2.4 Mr. Zwerijnen heeft voorts aangevoerd dat hij, vanwege het ontbreken van een aantal financiële stukken, niet in staat was op 13 december 2011 een akte te nemen. Hij heeft in zijn brief van 16 januari 2012 aangegeven dat de akte zo goed als gereed is. [B] heeft niet op deze brief gereageerd.

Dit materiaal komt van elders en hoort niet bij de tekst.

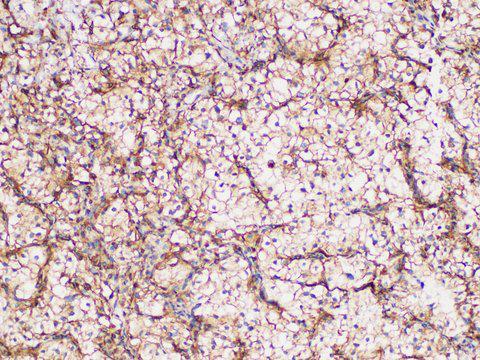 GPNMB / Osteoactivin Antibody - Immunohistochemistry of paraffin-embedded Human renal clear cell carcinoma using GPNMB Polycloanl Antibody at dilution of 1:200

2.5 Het hof acht het voor een goede beoordeling van de zaak noodzakelijk dat beide partijen zich uitlaten, zoals omschreven in rechtsoverweging 5.27 van het tussenarrest van
15 november 2011.
2.6 Gelet op het voorgaande zal het hof (eerst) [A] in de gelegenheid stellen om op de roldatum 28 februari 2012 zich bij akte uit te laten. Het betreft hier een laatste kans voor [A]. Indien hij zich op 28 februari 2012 niet uitlaat, zal geen verder uitstel meer worden verleend.
2.7 Iedere verdere beslissing zal worden aangehouden.
3. De beslissing
Het hof, recht doende in hoger beroep:
verwijst de zaak naar de roldatum 28 februari 2012, voor het nemen van een akte (eerst) door [A], zoals vermeld in rechtsoverweging 5.27 van het tussenarrest;
bepaalt dat op 28 februari 2012 geen verder uitstel meer aan [A] zal worden verleend;
houdt verder iedere beslissing aan.
Dit arrest is gewezen door mrs. I.A. Katz-Soeterboek, E.B. Knottnerus en H. Wammes en is in tegenwoordigheid van de griffier in het openbaar uitgesproken op 14 februari 2012.